Find your audience.
As a new author, I hear that advice all the time. The instructions given bother me. I don’t like the idea of my audience being prey to track via statistics, I don’t want to lose sight of my readers as people.
Even before I published Dissonance, I never wanted my readers to be numbers…I wanted to befriend them.
Though I’ve yet to unearth the secret of finding a huge audience, I feel better when I ignore the advice given. It’s more rewarding to establish relationships than posting ads with prices, insisting the book be read.
That tactic is necessary sometimes, but… I’ve wanted to be a storyteller all my life, and there was a vision I always had. I want to be friends with my readers. I even want to be friends with people who don’t adore my book!
The storyteller-audience relationship is not a buy-sell relationship. What called me to writing was feeling someone could trust me enough to hear my tale. I don’t want to flash numbers at people; I want to breathe words that’ll help them visit another world.
I haven’t been published long, but I’ve learned it’s far better to be a voice people trust than a voice trying to sell a story.
I’ve found some things do help. They all involve time and interaction.
First, find stories similar to yours. Read books you like to read, and you’ll meet people who like them too. It’s important to have things in common! Stay up-to-date in genres like yours, discuss these books with like-minded people. You’re more likely to interest people in your book if they feel you have similar tastes.
Second, it’s important to let readers know feedback helps. My audience is small and I love being able to tell them “in person” that, even if there were things they didn’t like about the book, I appreciate their taking the time to read. No honest writer can deny that praise lifts the spirit. It takes so much effort to write 200 pages; kind words help wash away hours of self-doubt.
Third, be someone else’s audience. Focusing on your own work for too long will isolate you. Build communities with other authors and encourage them, connect with people who share your goals. It’s hard to be a writer, and a blessing when others help you to your feet.

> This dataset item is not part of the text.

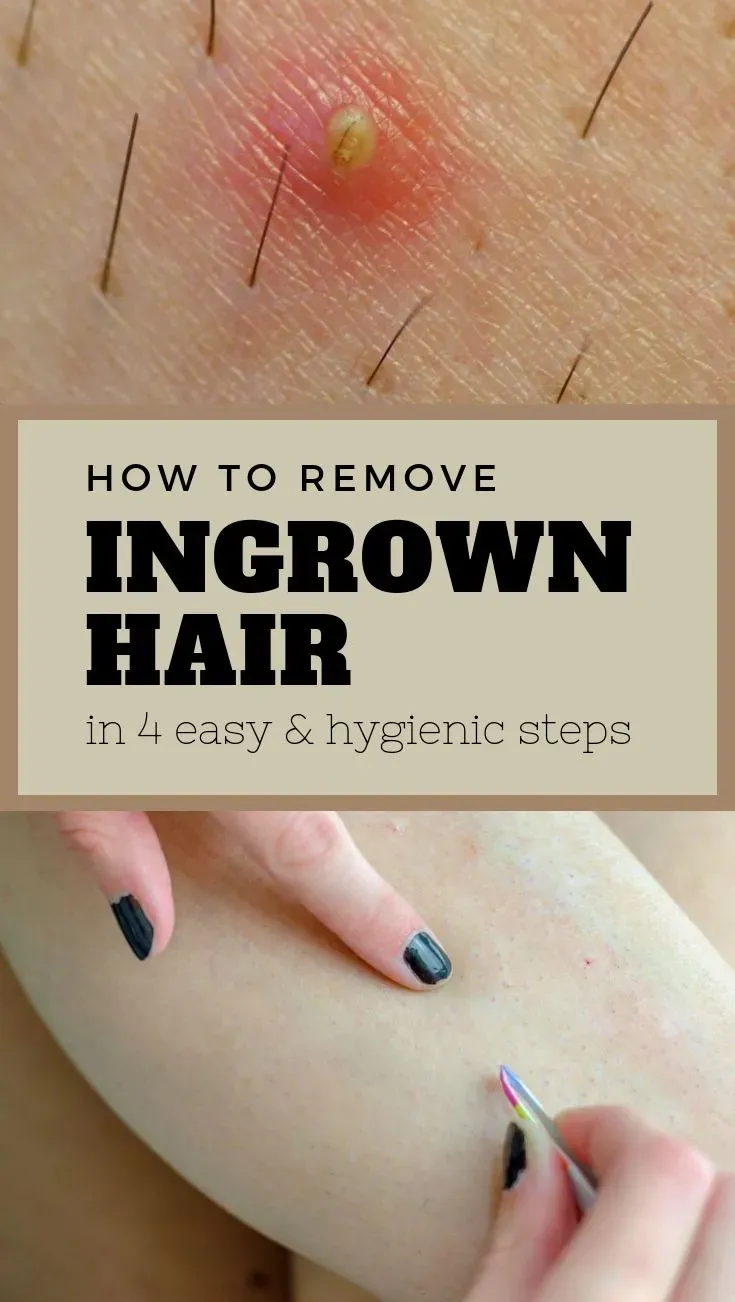 Safe and Simple Ways How to Remove Ingrown Hair at Home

Storytelling as I see it is like a campfire with readers gathered to listen. It’s not a solitary activity, but a community of dreamers. This community takes effort to build, and you won’t make progress that way by leaving a link on Facebook hoping people will buy.
Readers want to know you. As a reader myself, I speak from experience.
My audience is small and I adore it. If it grows, I hope to continue finding ways to let readers know they matter. I am where I am because of these people who’ve taken the time to read my 200 pages.
Be a person, not a billboard. That’s how you build a loyal audience; that’s how you create relationships. It makes me feel more like a storyteller, the person I’ve wanted to be all my life.